Updated: Sep 10, 2021
“I’m proud to be English again.” It’s been a while since those words were uttered. With England on the brink of their first major tournament win for 55 years, a national pride has been restored by Gareth Southgate and his squad.
Three weeks ago Southgate faced plenty of choices. Foden or Sterling for one (in the end he opted for both, but it’s the latter who has been the star). Manager or leader was another more complex quandary. He opted for citizen, taking to his platform as national manager, and stepping on the platforms of others, where we fail to see our elected politicians.
As England made it to the European Championship final for the first times, politicians, who say politics has no place in the game, still managed to politicise England’s advancement. Gesturing, I think they call it.
Boris Johnson’s staged celebratory photographs along with the flag outside Downing Street, fooled no-one. Just a few days prior to the Denmark game Priti Patel, the Home Security, condoned fans booing the taking of the knee. Days after she was wearing the three lions, crease in the sleeve still fresh.
They say this week’s news is next weeks fish and chip paper. Twitter says otherwise, and Patel, rightly so, has been called out for hypocrisy, after celebrating England’s win.
Patel and Johnson are enjoying the football, and no-one should take umbrage with that, except celebrations are on their terms, to suit their agenda, not the country’s. Southgate on the other hand is doing his job with aplomb and quietly embarrassing Downing Street at the same time.

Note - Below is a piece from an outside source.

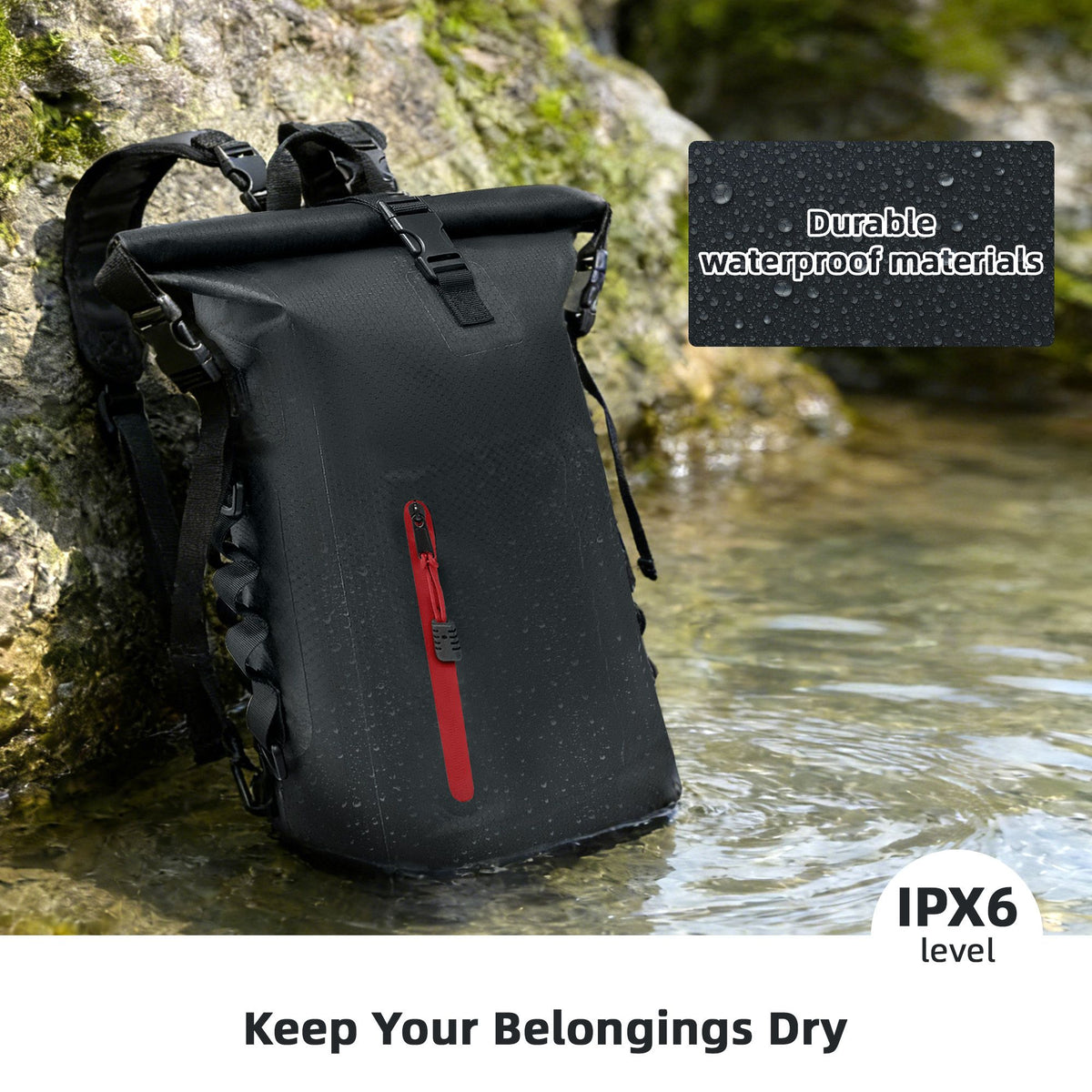Waterproof Folding Dry Bag 25L Portable Backpack for Hiking Travel - photo 2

It’s the choice the England manager didn’t have to make, but he continues to embrace the bigger and harder decisions on and off the field. Years past England managers battled to keep stories out of the press; prostitutes and parties all too often reoccurring themes. This generation; Raheem Sterling and Marcus Rashford in particular, fill the front and back pages for lighter, better reasons.
The days of Fleet Street crucifying players; they should be role models, continuously landing on the door mat, are long gone. Our ‘lads’ are that, and Southgate has been sterling himself to support them.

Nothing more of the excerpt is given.